*** Provided information ***
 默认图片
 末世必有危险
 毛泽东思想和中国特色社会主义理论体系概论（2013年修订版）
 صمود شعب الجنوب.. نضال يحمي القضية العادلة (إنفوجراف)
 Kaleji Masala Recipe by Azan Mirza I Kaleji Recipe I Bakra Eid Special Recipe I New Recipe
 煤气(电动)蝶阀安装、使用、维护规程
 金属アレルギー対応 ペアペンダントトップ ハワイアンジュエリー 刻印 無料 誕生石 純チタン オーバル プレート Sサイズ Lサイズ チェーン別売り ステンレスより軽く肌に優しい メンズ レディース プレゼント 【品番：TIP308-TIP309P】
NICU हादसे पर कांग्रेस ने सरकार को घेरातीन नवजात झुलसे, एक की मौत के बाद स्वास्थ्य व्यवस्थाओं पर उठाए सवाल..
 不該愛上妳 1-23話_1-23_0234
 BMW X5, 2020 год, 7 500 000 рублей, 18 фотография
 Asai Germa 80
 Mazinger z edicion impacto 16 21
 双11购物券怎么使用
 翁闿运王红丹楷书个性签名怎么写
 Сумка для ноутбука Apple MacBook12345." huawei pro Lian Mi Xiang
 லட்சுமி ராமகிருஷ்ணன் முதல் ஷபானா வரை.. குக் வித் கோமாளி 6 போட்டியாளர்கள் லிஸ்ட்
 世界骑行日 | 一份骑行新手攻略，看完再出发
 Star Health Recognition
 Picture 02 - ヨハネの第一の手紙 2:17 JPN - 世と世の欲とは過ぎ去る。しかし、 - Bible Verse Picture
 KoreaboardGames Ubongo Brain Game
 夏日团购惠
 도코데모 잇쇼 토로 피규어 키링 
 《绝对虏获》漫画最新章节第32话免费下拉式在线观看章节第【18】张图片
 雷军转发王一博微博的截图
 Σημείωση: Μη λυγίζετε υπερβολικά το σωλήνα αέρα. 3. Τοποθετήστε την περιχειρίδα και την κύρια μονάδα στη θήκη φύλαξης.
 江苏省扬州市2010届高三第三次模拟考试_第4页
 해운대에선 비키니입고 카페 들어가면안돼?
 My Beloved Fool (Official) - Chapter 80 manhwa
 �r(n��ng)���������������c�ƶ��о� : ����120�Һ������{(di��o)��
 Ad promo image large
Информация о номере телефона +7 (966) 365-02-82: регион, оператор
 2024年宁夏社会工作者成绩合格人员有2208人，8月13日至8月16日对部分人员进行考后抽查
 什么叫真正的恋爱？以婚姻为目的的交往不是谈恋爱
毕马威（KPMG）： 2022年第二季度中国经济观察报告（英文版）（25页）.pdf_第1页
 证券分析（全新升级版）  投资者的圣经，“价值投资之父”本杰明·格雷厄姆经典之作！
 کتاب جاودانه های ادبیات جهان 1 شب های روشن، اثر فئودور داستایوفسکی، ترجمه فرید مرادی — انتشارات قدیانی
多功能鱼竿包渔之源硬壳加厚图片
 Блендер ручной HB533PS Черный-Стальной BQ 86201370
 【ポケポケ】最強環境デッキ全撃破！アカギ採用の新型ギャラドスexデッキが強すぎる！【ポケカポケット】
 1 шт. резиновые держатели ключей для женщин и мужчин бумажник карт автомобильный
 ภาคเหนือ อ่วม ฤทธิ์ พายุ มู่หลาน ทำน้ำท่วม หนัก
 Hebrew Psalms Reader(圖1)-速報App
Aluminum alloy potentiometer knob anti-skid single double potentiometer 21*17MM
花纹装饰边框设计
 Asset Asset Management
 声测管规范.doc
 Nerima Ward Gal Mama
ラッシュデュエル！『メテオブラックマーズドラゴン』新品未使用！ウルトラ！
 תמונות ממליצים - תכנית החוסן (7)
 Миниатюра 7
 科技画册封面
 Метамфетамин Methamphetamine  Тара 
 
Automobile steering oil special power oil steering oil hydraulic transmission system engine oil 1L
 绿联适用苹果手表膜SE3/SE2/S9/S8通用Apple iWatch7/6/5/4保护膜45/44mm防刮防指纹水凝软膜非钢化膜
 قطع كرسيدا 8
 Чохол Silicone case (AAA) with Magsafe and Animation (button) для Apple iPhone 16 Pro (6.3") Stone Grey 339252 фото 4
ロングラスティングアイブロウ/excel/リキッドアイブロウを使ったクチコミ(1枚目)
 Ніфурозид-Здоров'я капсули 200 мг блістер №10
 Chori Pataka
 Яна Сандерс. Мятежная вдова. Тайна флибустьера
*** End of Provided information ***
Exercise aim
Output exactly, and only, the lines running from the one that contains "Ad promo image large" through the last line of the entries above.

Answer for this exercise
 Ad promo image large
Информация о номере телефона +7 (966) 365-02-82: регион, оператор
 2024年宁夏社会工作者成绩合格人员有2208人，8月13日至8月16日对部分人员进行考后抽查
 什么叫真正的恋爱？以婚姻为目的的交往不是谈恋爱
毕马威（KPMG）： 2022年第二季度中国经济观察报告（英文版）（25页）.pdf_第1页
 证券分析（全新升级版）  投资者的圣经，“价值投资之父”本杰明·格雷厄姆经典之作！
 کتاب جاودانه های ادبیات جهان 1 شب های روشن، اثر فئودور داستایوفسکی، ترجمه فرید مرادی — انتشارات قدیانی
多功能鱼竿包渔之源硬壳加厚图片
 Блендер ручной HB533PS Черный-Стальной BQ 86201370
 【ポケポケ】最強環境デッキ全撃破！アカギ採用の新型ギャラドスexデッキが強すぎる！【ポケカポケット】
 1 шт. резиновые держатели ключей для женщин и мужчин бумажник карт автомобильный
 ภาคเหนือ อ่วม ฤทธิ์ พายุ มู่หลาน ทำน้ำท่วม หนัก
 Hebrew Psalms Reader(圖1)-速報App
Aluminum alloy potentiometer knob anti-skid single double potentiometer 21*17MM
花纹装饰边框设计
 Asset Asset Management
 声测管规范.doc
 Nerima Ward Gal Mama
ラッシュデュエル！『メテオブラックマーズドラゴン』新品未使用！ウルトラ！
 תמונות ממליצים - תכנית החוסן (7)
 Миниатюра 7
 科技画册封面
 Метамфетамин Methamphetamine  Тара 
 
Automobile steering oil special power oil steering oil hydraulic transmission system engine oil 1L
 绿联适用苹果手表膜SE3/SE2/S9/S8通用Apple iWatch7/6/5/4保护膜45/44mm防刮防指纹水凝软膜非钢化膜
 قطع كرسيدا 8
 Чохол Silicone case (AAA) with Magsafe and Animation (button) для Apple iPhone 16 Pro (6.3") Stone Grey 339252 фото 4
ロングラスティングアイブロウ/excel/リキッドアイブロウを使ったクチコミ(1枚目)
 Ніфурозид-Здоров'я капсули 200 мг блістер №10
 Chori Pataka
 Яна Сандерс. Мятежная вдова. Тайна флибустьера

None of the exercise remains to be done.